L’intervention peut être envisagée dans la perspective de reconstruction des conditions d’exercice des attributs de souveraineté. Mais jamais elle ne peut s’inscrire dans le respect de cette souveraineté. Il y a une contradiction dans les deux termes. Depuis le règlement de la Haye de 1907 et les successives Conventions de Genève, on a entrepris d’assurer le respect des droits de la personne et la sauvegarde limitée de certaines prérogatives de l’Etat occupé dans le cadre du Droit International de l’occupation. Avec les formules actuelles on est entré dans une conception d’administration internationale qui se trouve coincée entre un fait d’occupation et un formalisme de façade de respect des « droits souverains ».

STATUT JURIDIQUE DE L’ETAT FAILLI

Alors que la défaillance est par définition une perte de capacité d’exercer ses obligations, on ne saurait raisonnablement parler de respect de souveraineté après quinze années de présence onusienne dans un pays. Sinon il s’agit d’une fuite de « responsabilité internationale de protéger. »
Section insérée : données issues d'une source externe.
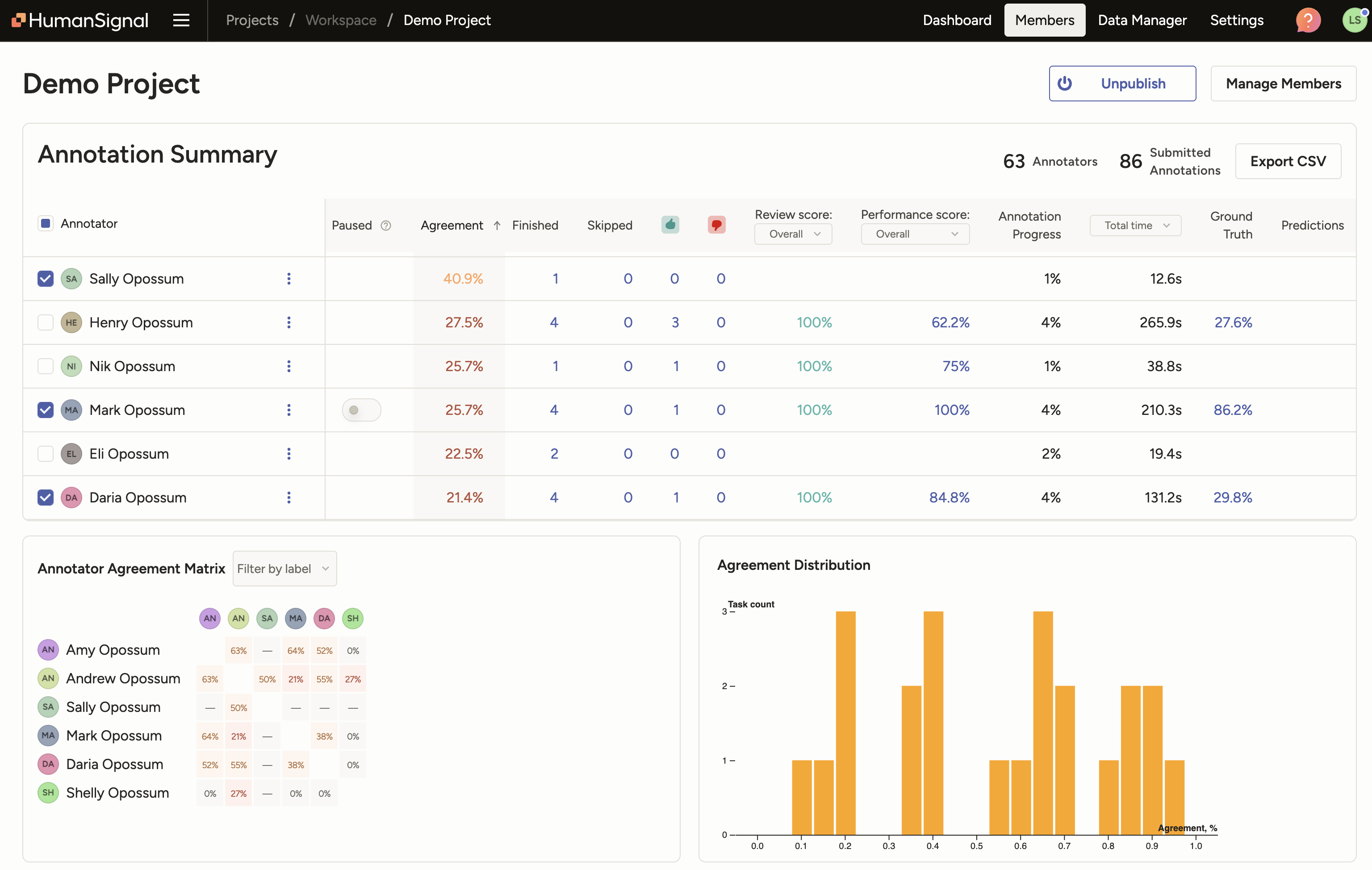 Screenshot of Members Dashboard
Une fois qu’il y a intervention au titre du Chapitre, la volonté du Conseil de Sécurité est substituée à celle de l’Etat exerçant la souveraineté. Dans qu’elle proportion il sera laissé une part de souveraineté à ce dernier est affaire d’appréciation circonstanciée et pour une grande part discrétionnaire  dans le chef du Conseil. Nous savons qu’en ce domaine l’organe de l’ONU dispose d’un large pouvoir. Face aux défis actuels, la communauté internationale se trouve dans l’obligation de définir plus clairement le régime juridique des nouvelles situations de territoire sous mandat du Conseil de Sécurité. Quelque soit la duré du mandat de l’administration internationale il s’agit d’un régime transitoire. Dans une perspective où l’avenir de l’Etat nation est incertain, il est pertinent de se demander, transition vers quoi. A la vérité la problématique se situe à ce niveau, qui induit la mise en épreuve du cadre juridique existant. L’impasse actuelle des missions de paix et les tentatives d’administration internationale sont dues à ce flou/ vide juridique, vide en ce qui concerne le statut des Etats déliquescents sous mandat international. Le droit international de l’occupation élaboré pour régir des situations résultant de conflits armés est inapproprié à ces nouvelles espèces. On est plus proche d’une tutelle non assumée par les deux parties. C’est la raison pour laquelle d’aucuns suggèrent de réanimer/revisiter le vieux Conseil de tutelle pour trouver des solutions mieux adaptées aux particularités des administrations transitoires.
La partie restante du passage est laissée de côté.